Ce qui explique peut-être leur choc lorsque, il y a un an, ce New-Yorkais pure souche de 49 ans annonce qu'il rejoint l'équipe juridique de Donald Trump. Un client réputé pour ses défauts de paiement et changer d’avocat comme de chemise. Et comme un nouveau job ne suffit pas, ce démocrate enregistré rallie les rangs du Parti républicain et fait ses cartons pour Palm Beach, tout près du domaine de Mar-A-Lago. Plus commode, pour rendre visite au patron.
Un changement de trajectoire aussi brutal qu'inattendu qui suscite, encore aujourd'hui, son lot de commentaires et de haussements de sourcils. En privé, glisse le New York Times, dans l'atmosphère feutrée des soirées mondaines et des réunions informelles, beaucoup de proches peinent encore à comprendre pourquoi cet homme réputé discret, loyal, bosseur acharné et «soucieux de l'ordre public», a bouleversé sa vie et risqué sa carrière pour un énergumène comme Donald Trump.
Ce serait oublier que Todd Blanche gravite depuis moment dans l'orbite de l'infréquentable milliardaire. Grand spécialiste de la fraude, qu'elle soit fiscale, banquière, hypothécaire ou électronique, il a défendu Paul Manafort, l'ancien président de la campagne Trump, et un conseiller itinérant, Boris Epshteyn. Ce qui lui a valu de tomber dans l'oeil du boss. Donald Trump lui donne alors une mission: jouer des coudes et des contacts pour lui dégoter le meilleur avocat de New York pour son futur procès pénal à Manhattan.
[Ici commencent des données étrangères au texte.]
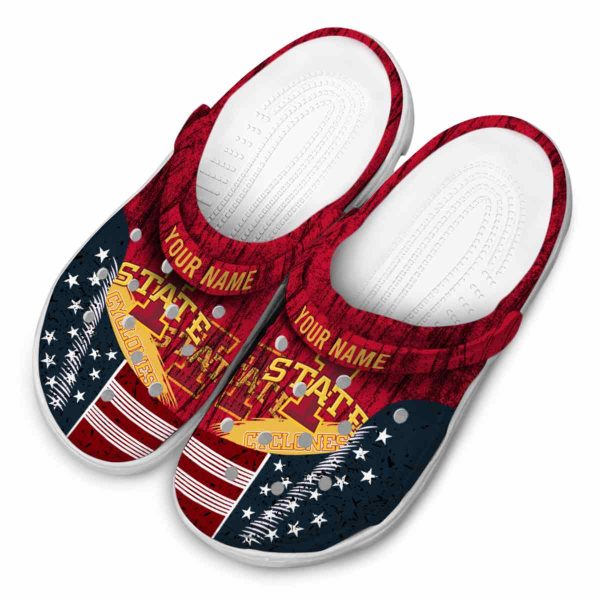 personalized iowa state cyclones star spangled side pattern clog latest model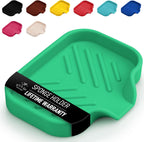 Zulay Kitchen Small Silicone Sponge Holder (4.9x3.3”) – Space-Saving Sink Organizer Tray for Sponge, Soap, Brush & More – Compact Non-Slip Dish for Kitchen & Bathroom (Carnival Glass)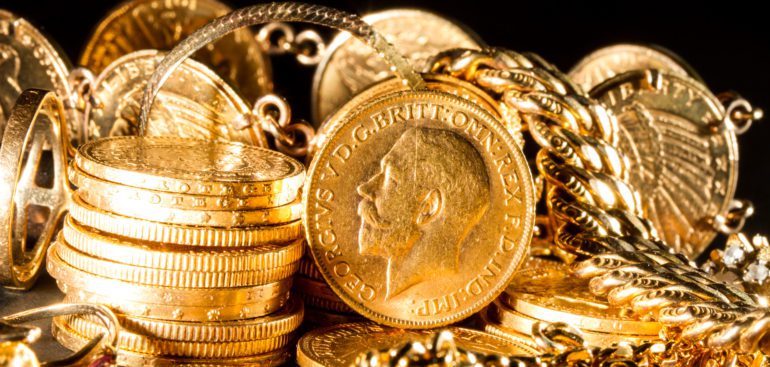 Jewels and gold coins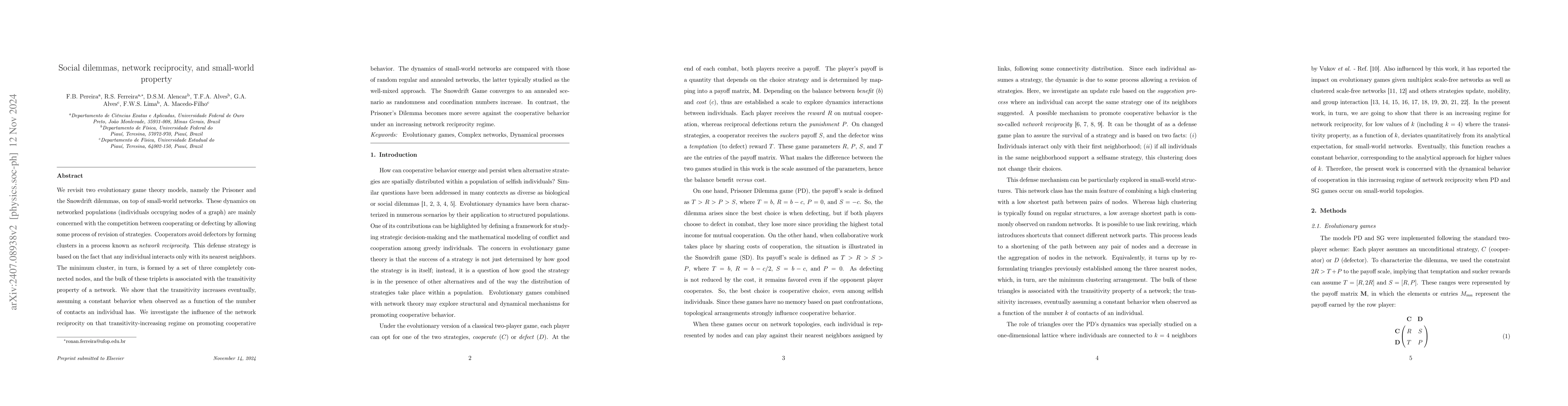 Thumbnail for Social dilemmas, network reciprocity and the small-world property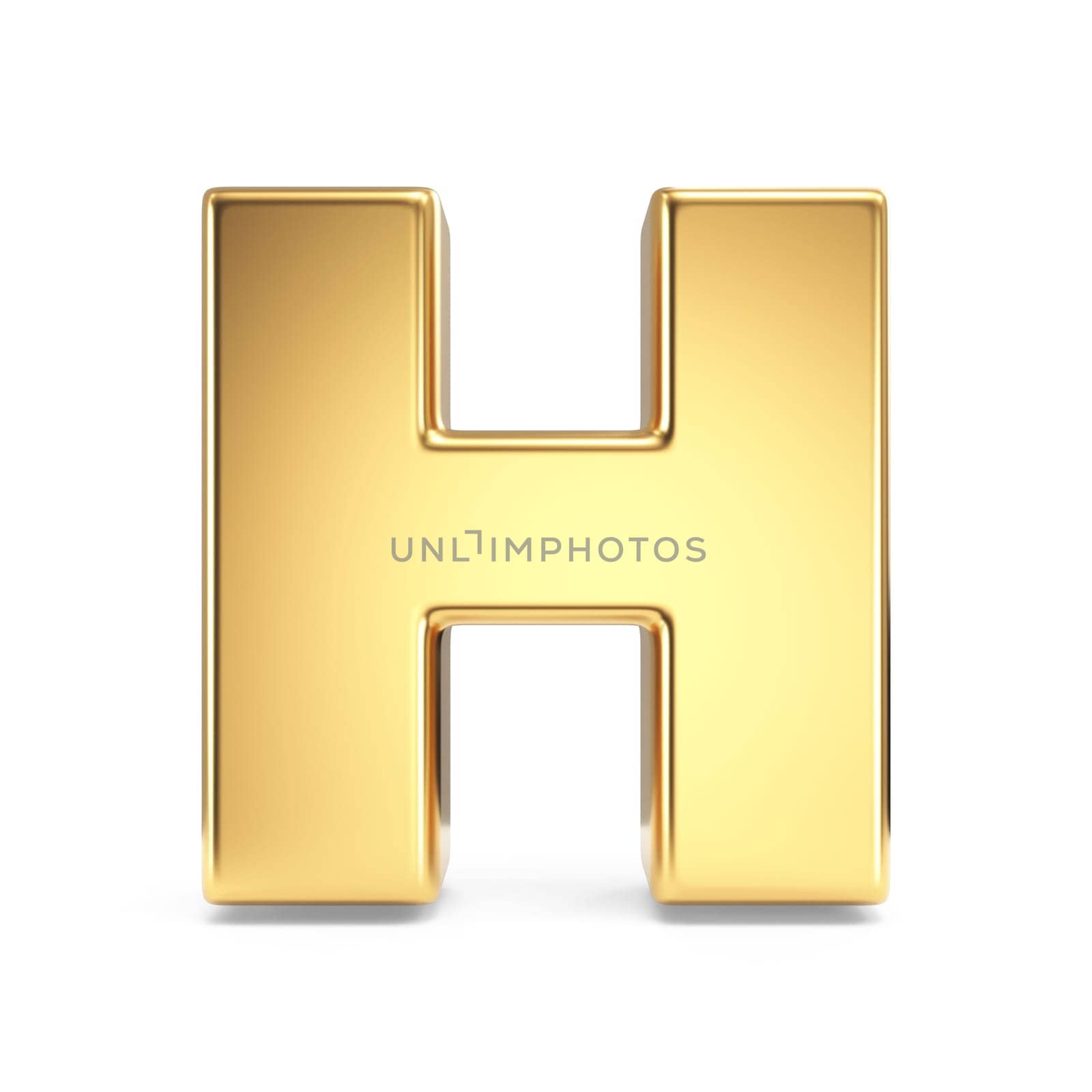 Simple gold font Letter H 3D rendering illustration isolated on white background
L'avocat s'exécute, multiplie les coups de fil. A son grand désarroi, aucun de ses anciens collègues du bureau du procureur ou des meilleurs cabinets en cols blancs de la ville n'accepte de se frotter à un client aussi controversé et combatif. Todd Blanche comprend vite. Il faudra qu'il assume le travail lui-même. Son sens de la justice et sa mallette sous le bras, il claque la porte de son cabinet, trop frileux pour le soutenir dans ce projet, et se lance à son compte.
La stratégie de Todd Blanche, qu'il peaufine depuis près d'un an, est d'une simplicité enfantine: faire blocage. Nier, nier, nier, encore et encore. Et surtout, retarder les échances le plus longtemps possible. Un pari risqué, qui lui a valu le courroux du juge en charge de l'affaire et qui n'a pas empêché l'ouverture du procès historique, ce lundi, à New York. Une méthode qui pourrait très coûter cher à Donald Trump, lorsque tombera le verdict.
Ce qui n'empêche pas le candidat républicain d'être satisfait. S'il n'affuble pas encore Todd Blanche du doux surnom de «combattant», dont il aime à qualifier ses avocats les plus féroces, il se murmure que leur «lune de miel» dure toujours. Une complicité qu'on a encore pu noter dans la salle d'audience, cette semaine, où les deux hommes ont partagé des «conversations animées» et une proximité physique «presque intime».
Gage de cette confiance, Todd Blanche représente désormais Donald Trump dans trois des quatre affaires pénales qui lui traînent aux baskets. Une grosse pression, mais le jeu en vaut la chandelle. Ce compétiteur dans l'âme, qui compte trois courses Ironman à son actif, n'est plus un avocat perdu parmi les milliers d'autres que compte New York. Il est en charge de l'affaire pénale la plus importante du pays.
Et si Todd Blanche aime à répéter qu'il ne vise pas de poste dans une seconde administration Trump (à l'exception peut-être, pour la blague, d'un poste d'«ambassadeur en Italie»), nombreux sont ceux à penser que cet ambitieux ne cracherait pas sur la direction de son ancien bureau, le district sud. Après tout, pourquoi se gêner? Jusqu'à présent, ses paris sur l'avenir se sont révélés aussi risqués... que payants.